• SOURCE DATA
== Segment start ==

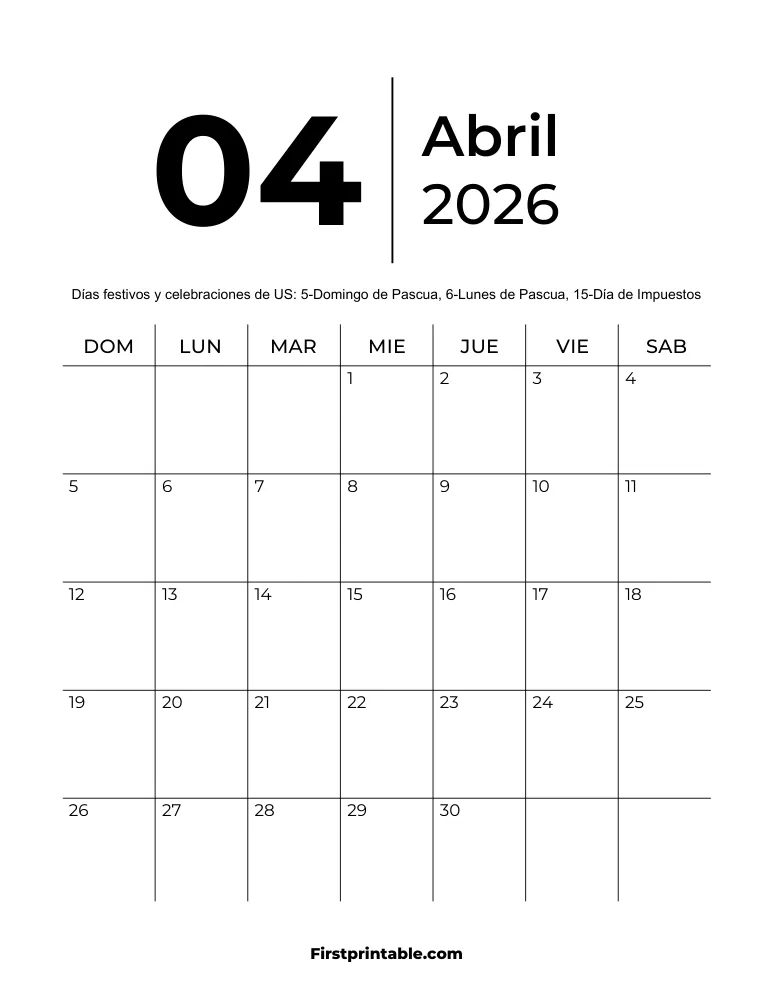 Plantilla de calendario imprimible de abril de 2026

== Segment end ==
== Segment start ==

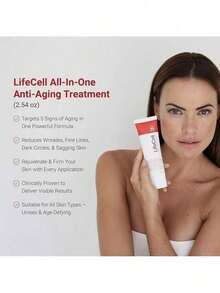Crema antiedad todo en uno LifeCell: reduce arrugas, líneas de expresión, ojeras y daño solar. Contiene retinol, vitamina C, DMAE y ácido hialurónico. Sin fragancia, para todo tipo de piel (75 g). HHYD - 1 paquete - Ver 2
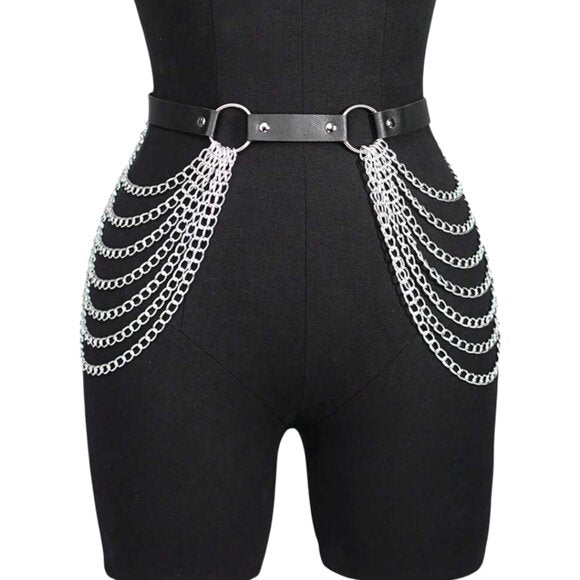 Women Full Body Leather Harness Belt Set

== Segment end ==

• AIM OF THE EXERCISE
Copy the lines above between the one holding "Crema antiedad todo" and the one holding "Women Full Body Leather Harness Belt Set", inclusive. Drop the pictures.

• TASK RESPONSE
Crema antiedad todo en uno LifeCell: reduce arrugas, líneas de expresión, ojeras y daño solar. Contiene retinol, vitamina C, DMAE y ácido hialurónico. Sin fragancia, para todo tipo de piel (75 g). HHYD - 1 paquete - Ver 2
 Women Full Body Leather Harness Belt Set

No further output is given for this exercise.